China will drive oil demand to record 100m-plus barrels per day, keeping prices elevated

By Nicholas Earl

China will drive oil consumption to record levels this year, as the world’s second largest economy reopens following sustained lockdowns – driving oil demand upwards once again.

The International Energy Agency predicts oil demand will grow to 101.9m barrels a day this year, fuelled almost entirely by booming demand in Asia.

This raises expectations oil prices will stay robust through the year – with demand keeping both major benchmarks around $80 per barrel into the first quarter of 2023.

The IEA’s figure is 200,000 barrels a day more than the Paris-based climate agency was forecasting last month.

Overall, it translates into more than two million barrels per day of annual growth this year – with 1.4m barrels driven by Asian nations.

China alone will account for 900,000 barrels a day, the IEA predicts – meaning it makes up nearly half this year’s growth.

After pursuing some of the world’s most restrictive lockdown policies, China U-turned from its “Zero Covid” restrictions late last year.

With air travel ramping up as the pandemic continues to ease, jet fuel will be a key pillar in the global demand rebound – which will be significantly boosted by the return of international tourism from China.

The climate agency’s projections arejust short of rival OPEC’s forecast of 2.3m barrels per day growth, outlined in its own report yesterday.
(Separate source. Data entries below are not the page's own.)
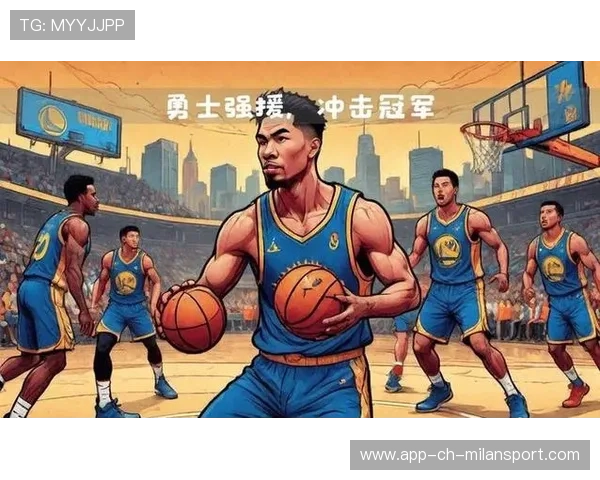 勇士急需补强防守，重塑冠军梦想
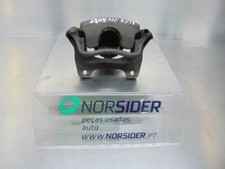 Etrier de frein Alfa Romeo ALFA 146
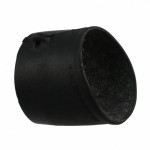 222K121-25/225-0參考圖片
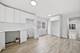 114 W 126th, Chicago, IL 60628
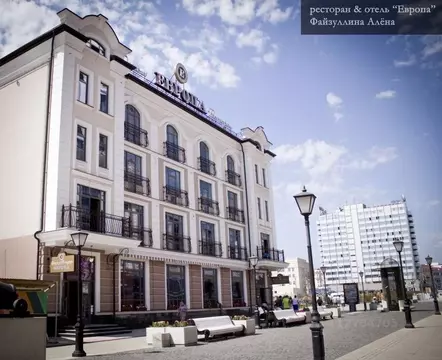 Комната Татарстан, Казань Петербургская ул., 14 (10.0 м)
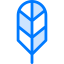 Leaf icon 64x64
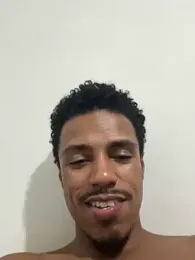 LorenzoBlack27 — Stripchat stream photo (Mar 2026)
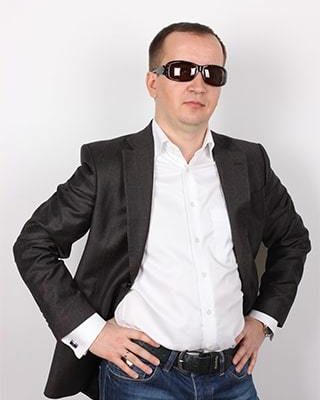 ЖАЛОБА В ТРЕТЕЙСКИЙ АРБИТРАЖНЫЙ СУД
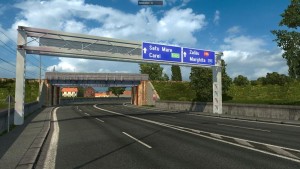 romania-map-by-andu-team-1-18_1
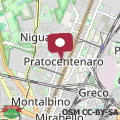 Mappa Mi Suzzani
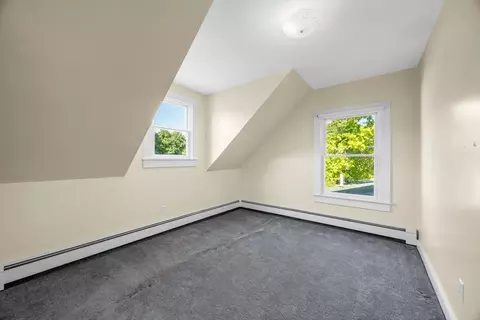 Bedroom - 9 Harrison Ave, Bourne, MA 02532 photo 10 of 11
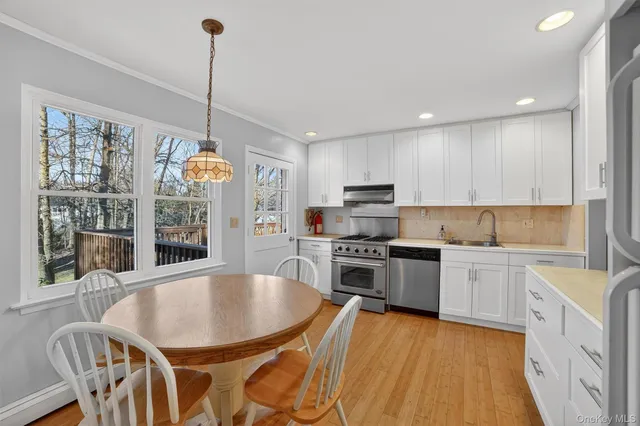 $675,000 | 13 Reeback Drive, Ossining, NY 10562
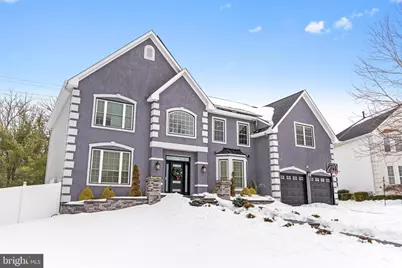 24 Exton Circle, Cherry Hill, NJ 08003 - Photo 1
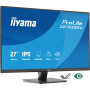 Монітор iiyama X2793QSU-B1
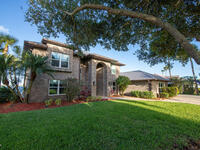 6295 Capstan Court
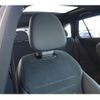 mercedes-benz c-class-station-wagon 2024 CFJ1583614 image 22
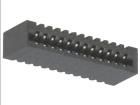 DS1020-06-12BT1  Connectors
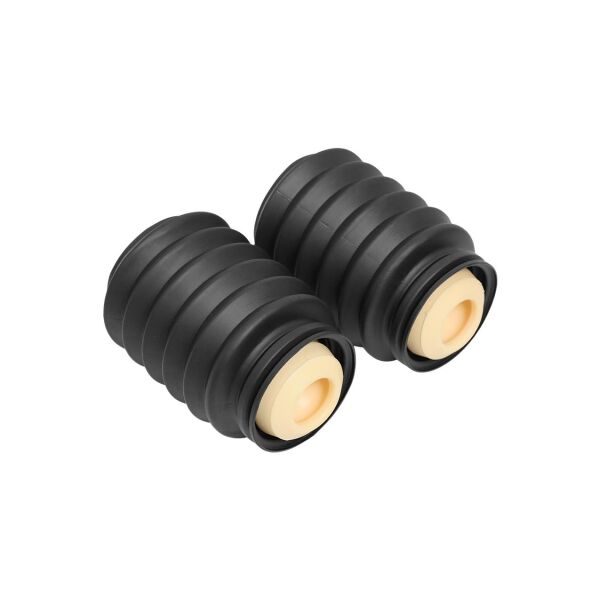 Bmw E90 Ön Amortisör Toz Körük Seti ( 4 Parça ) | Kautek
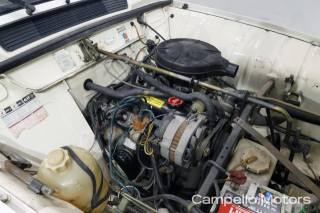 RENAULT Other usata 22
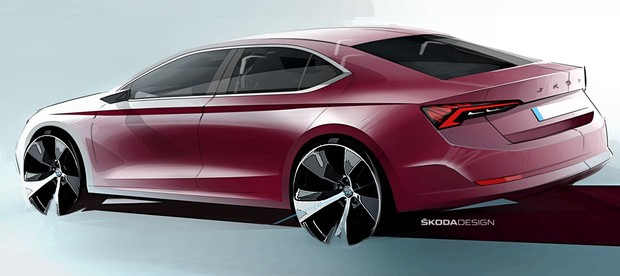 191017-skoda-presents-design-sketches-of-new-octavia-1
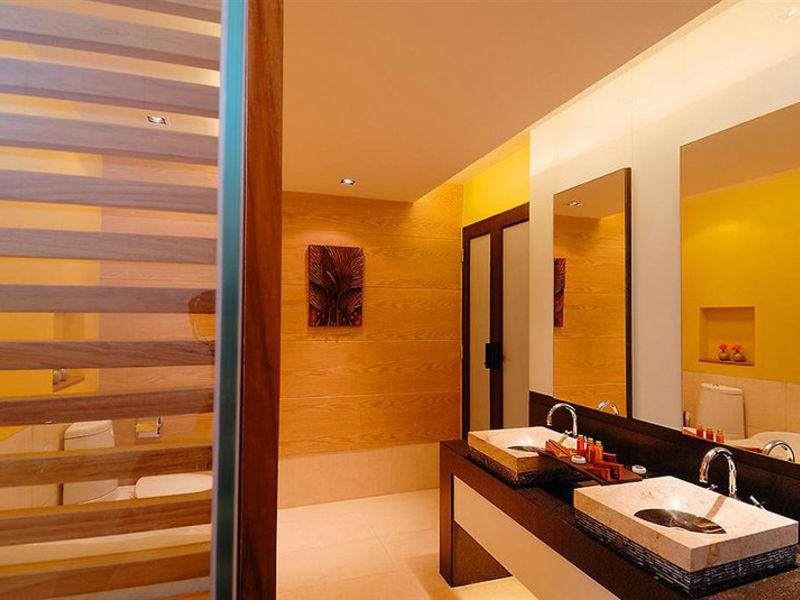 The Zign Hotel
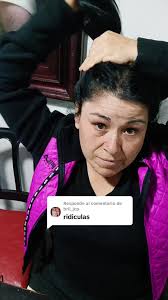 Respuesta a @brii_jcp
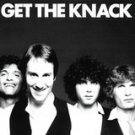 the knack - get the knack CD 2002 capitol 17 tracks used mint the knack - get the knack CD 2002 capitol 17 tracks used mint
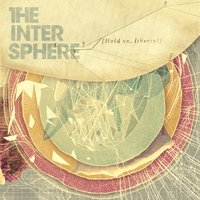 Open End - The Intersphere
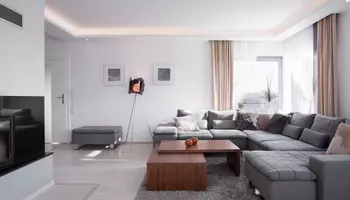 Wyndham Soleil Đà Nẵng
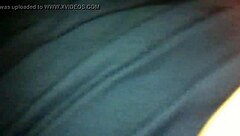 Cute Pussy Voyeur Ex Girlfriend Teen 18+ Friend Amateurs Girlfriend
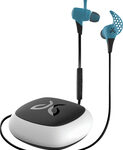 Jaybird - X2 Wireless Earbud Headphones - Ice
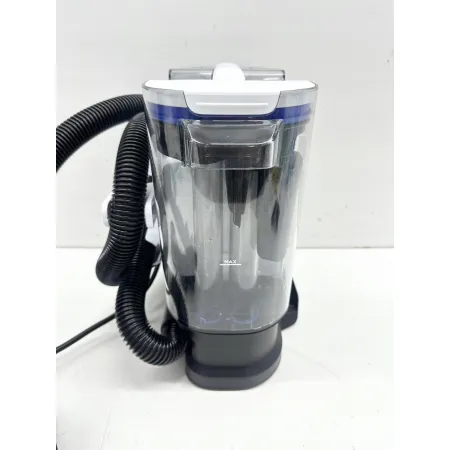 Odkurzacz piorący Bissell SpotClean ProHeat Advanced 3924N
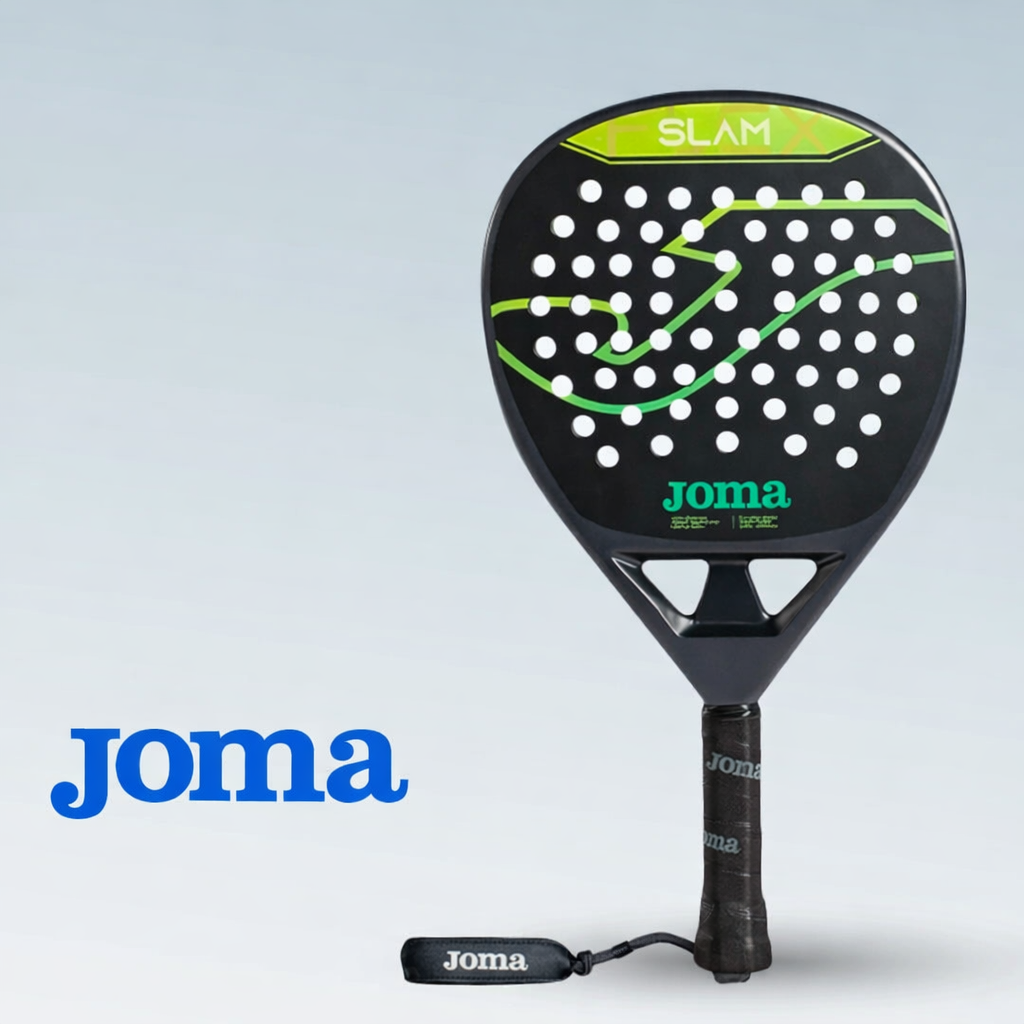 JOMA
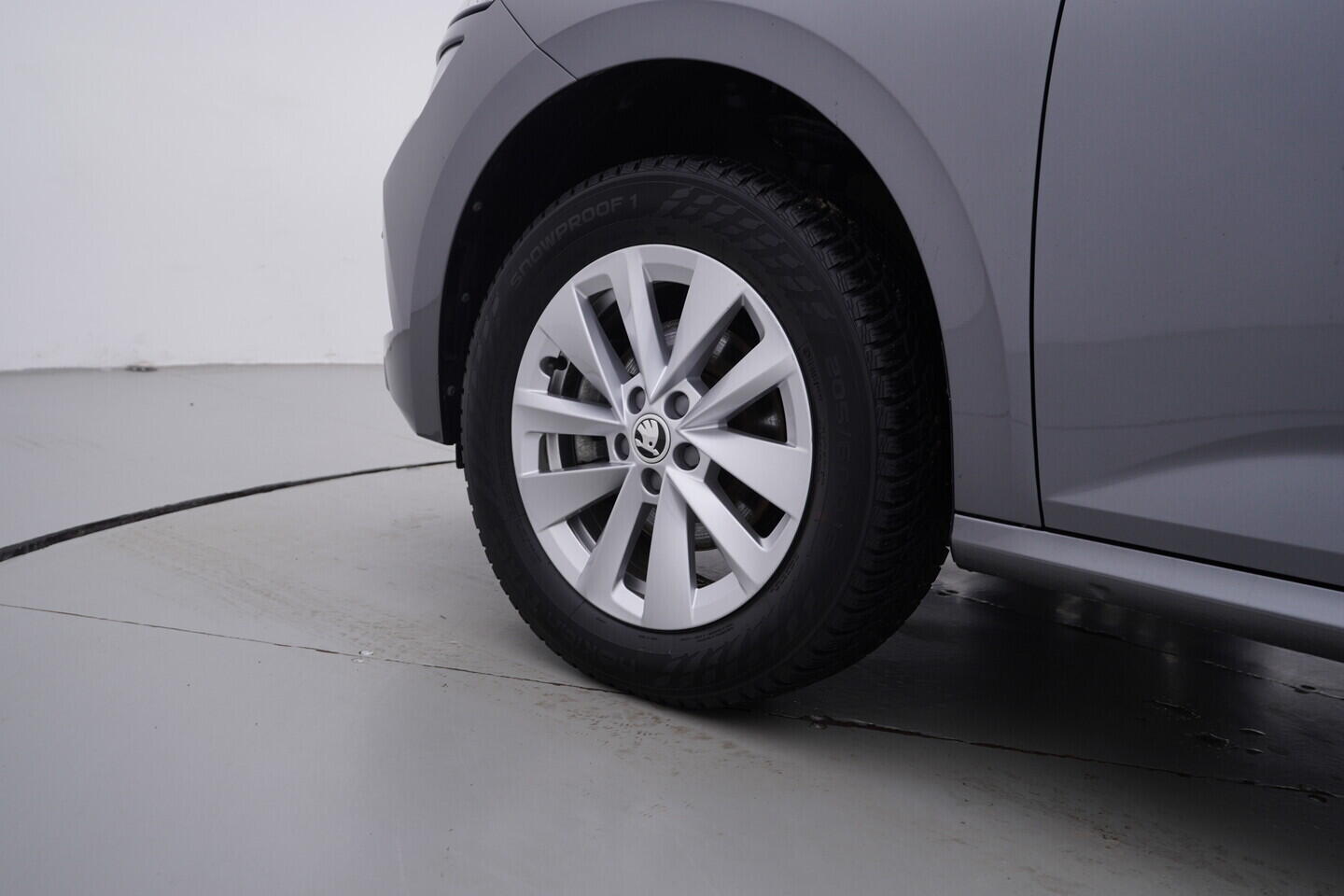 OM190V02805_38.webp_KAMIQ Ambition 1.0 TSI 70 kW manuál, DPH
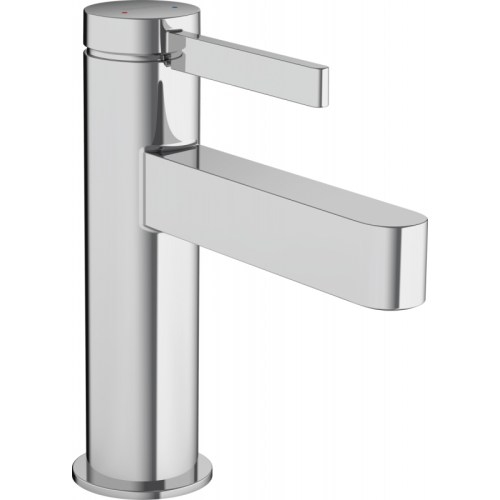 Смеситель для умывальника Hansgrohe Finoris 76010000 - 1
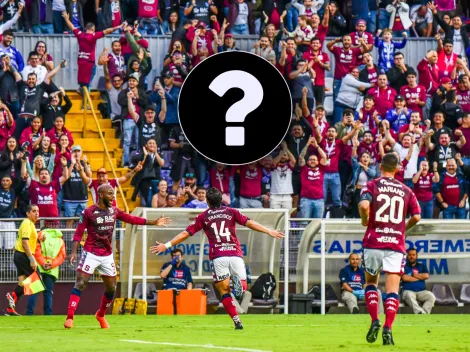 Deportivo Saprissa le cierra la puerta al familiar de una de sus figuras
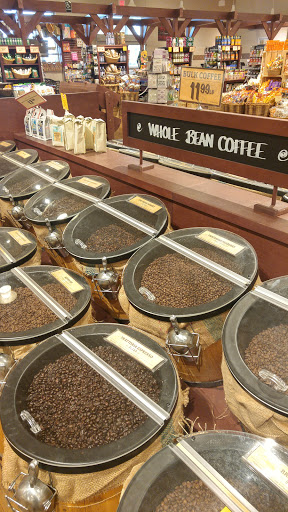 Grocery Store «The Fresh Market», reviews and photos, 9774 E 116th St, Fishers, IN 46037, USA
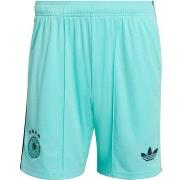 Shortsit & Bermuda-shortsit adidas  DFB  EU XXL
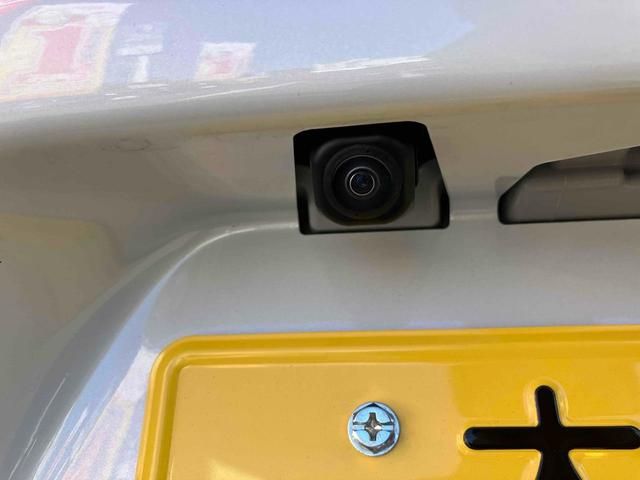 タント Ｌ　バックカメラ　両側スライドドア　クリアランスソナー　衝突被害軽減システム　オートライト　ＬＥＤヘッドランプ　スマートキー　アイドリングストップ　電動格納ミラー　ＣＶＴ　盗難防止システム　ＡＢＳ　ＥＳＣ（46枚目）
The IEA warned restrained OPEC+ production – the extended alliance which includes Russia – could mean a supply deficit in the second half of the year, alongside shut in from Russian output of 1m barrels per day.

While bullish on China, it was uncertain over the affects of sanctions with the EU bringing in sanctions on seaborne oil shipments and price caps on gas and oil products following Russia’s invasion of Ukraine.

“Supply from OPEC+ is projected to contract with Russia pressured by sanctions. World oil supply looks set to exceed demand through the first half of 2023, but the balance could quickly shift to deficit as demand recovers and some Russian output is shut in,” the IEA said.

“It is still unclear how the EU embargo and price cap on oil products that took effect earlier this month will impact trade flows. Our expectation is that some Russian oil will have to be shut in as a result.”